In the second of our articles celebrating six months of the PlayStation 4, we’re taking a look at one of the major driving forces behind the console: PlayStation Plus. Unlike with the PS3 and Vita, PS+ was built into the PS4 experience from the beginning, so early adopters have already been treated to seven titles. But how do the past six months of games stack up under PS4 Attitude’s scrutiny, and what can we expect from the service in the future?
As if to show that it was serious about PlayStation Plus on PS4, Sony gave one of the console’s best launch games away for free on day one. Housemarque’s cylindrical shoot ‘em up Resogun was lauded by critics and gamers alike for its stunning particle effects, lightning-fast gameplay and sheer addictiveness. Make no mistake: if for some reason you didn’t have a PS+ subscription at the launch of the PlayStation 4, then you missed out on a real treat.

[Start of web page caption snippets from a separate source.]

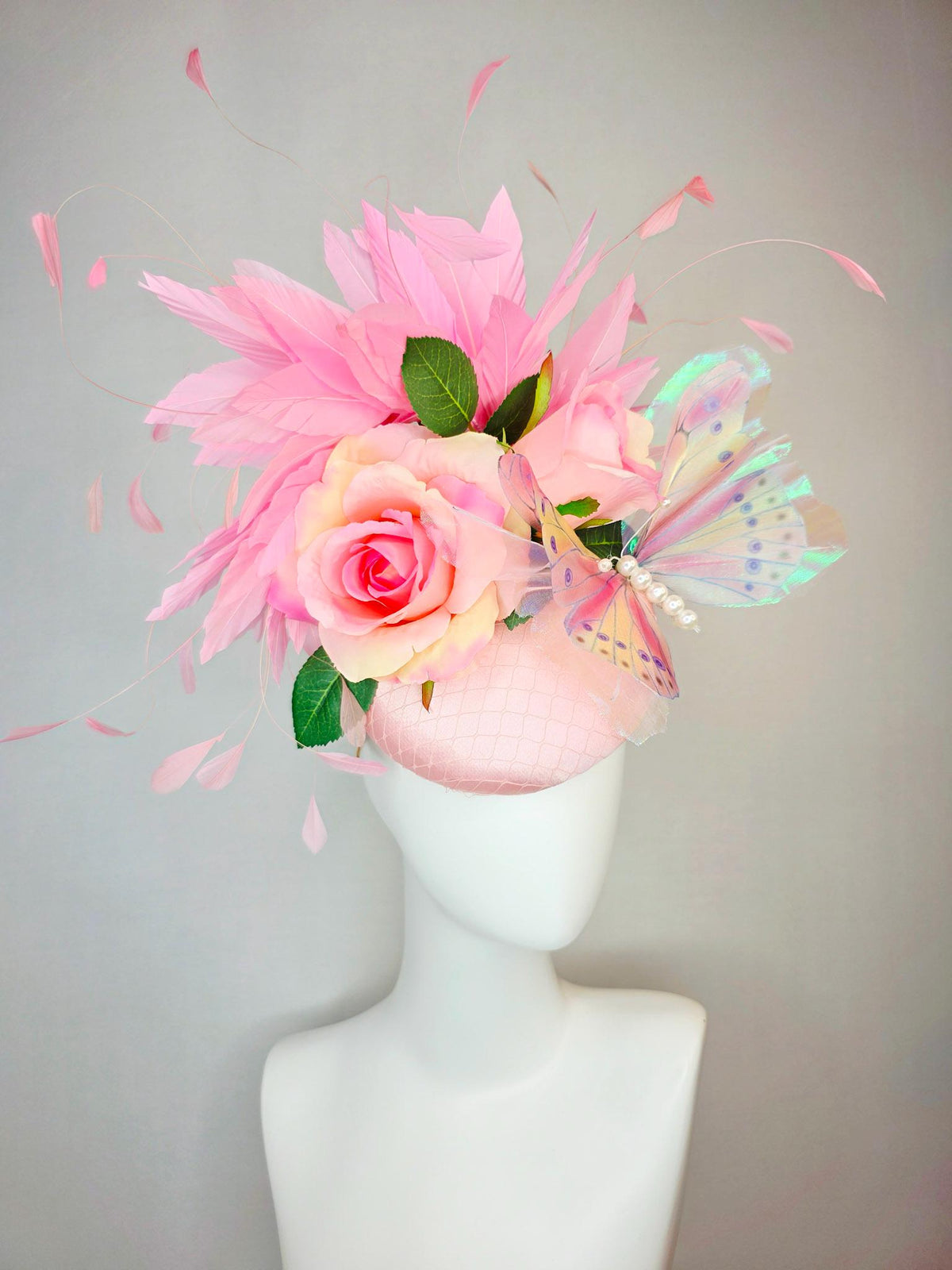 kentucky derby hat fascinator light pink satin with netting ombre pink satin roses green leaves baby blush pink feathers large butterfly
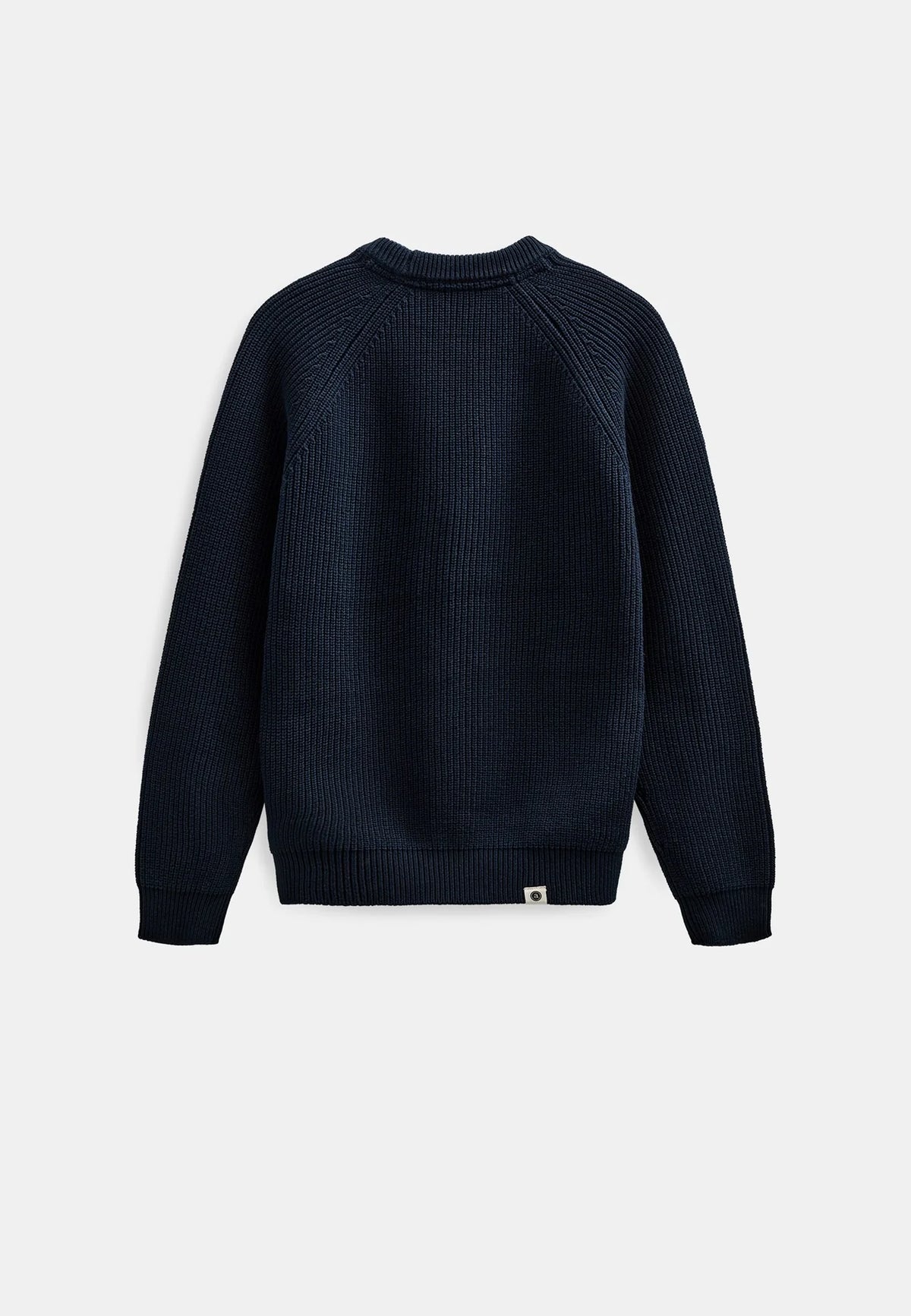 Modello maschile con cappellino verde oliva Anerkjendt indossa il maglione AKSUNE Patent Knit Navy Blue con jeans baggy lavaggio medio e sneaker grigie: vista frontale completa testa-piedi su sfondo bianco con maglione a costine blu navy e collo rotondo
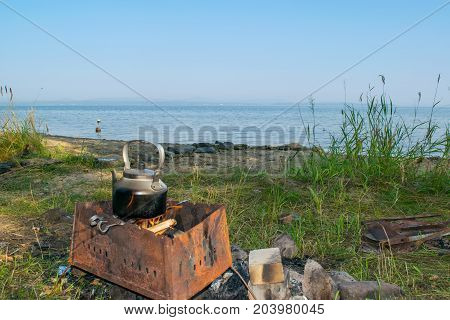 Bloated teakettle on a fire at a bank of a lake - hiking landscape,  Uveldy, The Urals, Russia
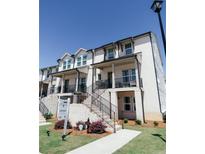 Charming white brick townhome featuring multiple levels, inviting staircases, and manicured landscaping at 3564 Shore Wood Ave, Lawrenceville, GA 30044
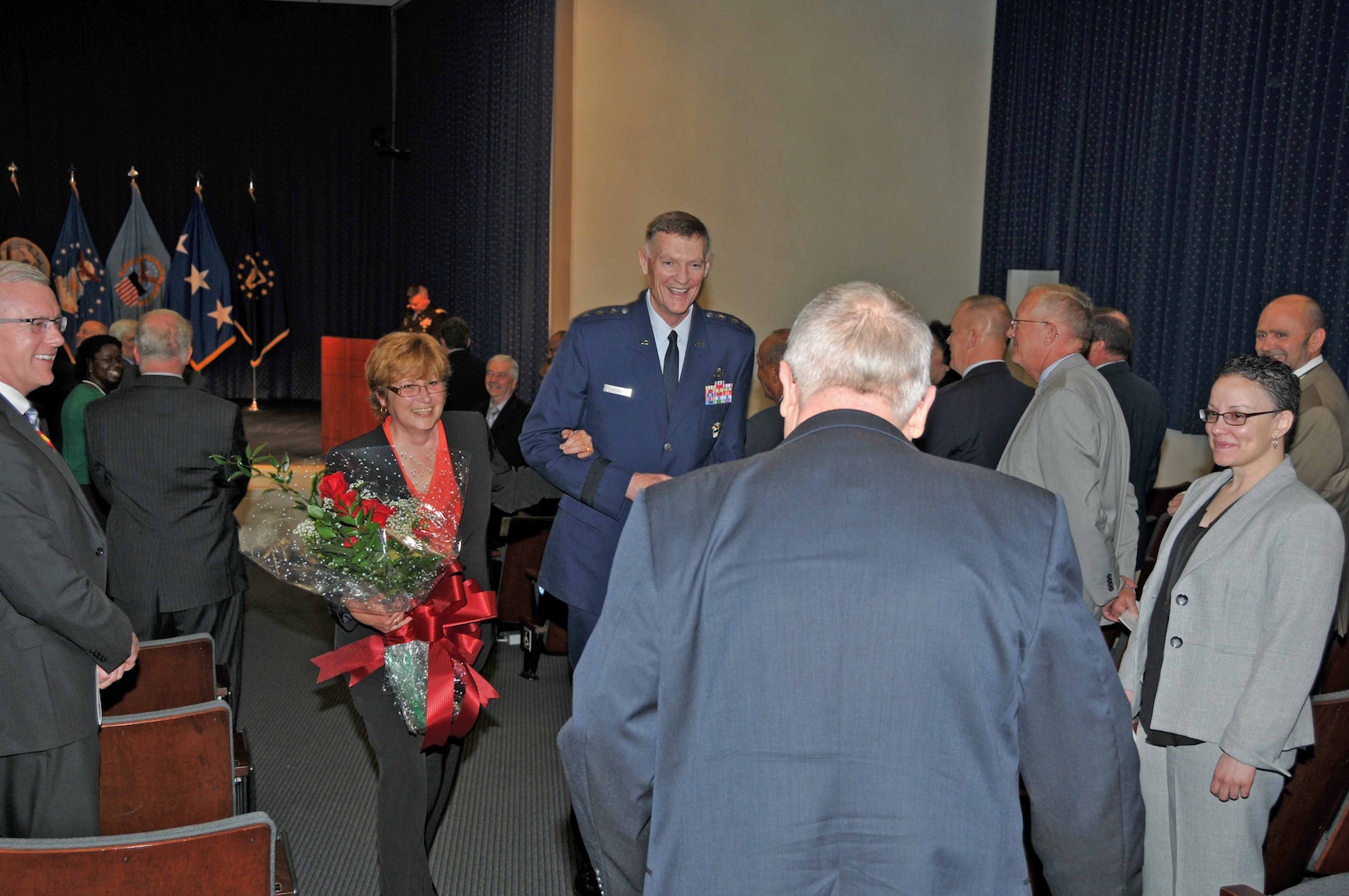 Ginger Pribble, who has been married to DLA General Counsel Fred Pribble for more than 30 years, is escorted from Pribble's retirement ceremony by DLA Director Air Force Lt. Gen. Andy Busch. Photo by Teodora Mocanu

Brought in as a last-minute replacement for the delayed Driveclub: PlayStation Plus Edition, the puzzle-platformer Contrast is a lot better than many reviews would have you believe. Yes, it’s short, and there are a handful of glitches to avoid, but the game’s clever use of light and shadow, as well as its mix of 2D and 3D gameplay mean that it might just pleasantly surprise you. It definitely had potential, so we hope Compulsion Games is looking into making a sequel.
Don’t Starve: Console Edition
Nothing strikes fear into the hearts of modern gamers like the word ‘permadeath’, so it’s interesting that Klei Entertainment based an entire game around it. When you start Don’t Starve, you’re dropped into a randomly generated world populated with hostile creatures and mysterious items, and tasked with surviving for as long as possible. As the name implies, starvation is also a constant threat, as is insanity, which all adds up to a game that only the truly dedicated will ever master.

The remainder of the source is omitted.